11. A key mechanism according to Claim 10 wherein the body includes an axial bore for receiving a key.

12. A key mechanism according to any one of the preceding claims including a plurality of slots and code members.

13. A key mechanism substantially as hereinbefore described with reference to any one of the accompanying drawings.

14. A key for use with the key mechanism of any one of the preceding claims.

15. The combination of a key-mechanism according to any one of Claims 1 to 9 and the key of Claim 14.
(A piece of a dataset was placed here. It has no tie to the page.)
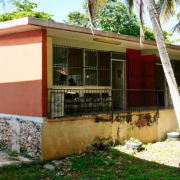 Rescatan escuela abandonada durante dos años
16. A locking mechanism for a valve, the valve being operable by movement of a first element relative to a second element, the locking mechanism including a first member for mounting on the first element, a second member, means for selectively preventing relative movement of said first member and said second member and means for fixedly connecting said second member of the locking mechanism to said second element, whereby prevention of relative movement of said first and said second members of the locking mechanism locks the valve, wherein said connecting means are configured to be accessible from the exterior of the locking mechanism when fixed in position on the valve and may be broken so that the valve can be operated.

17. A locking mechanism according to Claim 16 wherein said connecting means includes at least two elongate members.

18. A locking mechanism according to Claim 17 wherein the elongate members can be threaded through a part of said second member.

19. A locking mechanism according to Claim 18 wherein said second member includes a ring for each elongate member, the ring being fixed to an exterior surface of said second member.

20. A locking mechanism for a valve substantially as hereinbefore described with reference to any one of the accompanying drawings.

21. The combination of a valve and a locking mechanism according to any one of Claims 16 to 20.

22. The combination of a locking mechanism according to any one of Claims 17 to 20 and a valve, wherein the elongate members can be passed through a part of the valve body.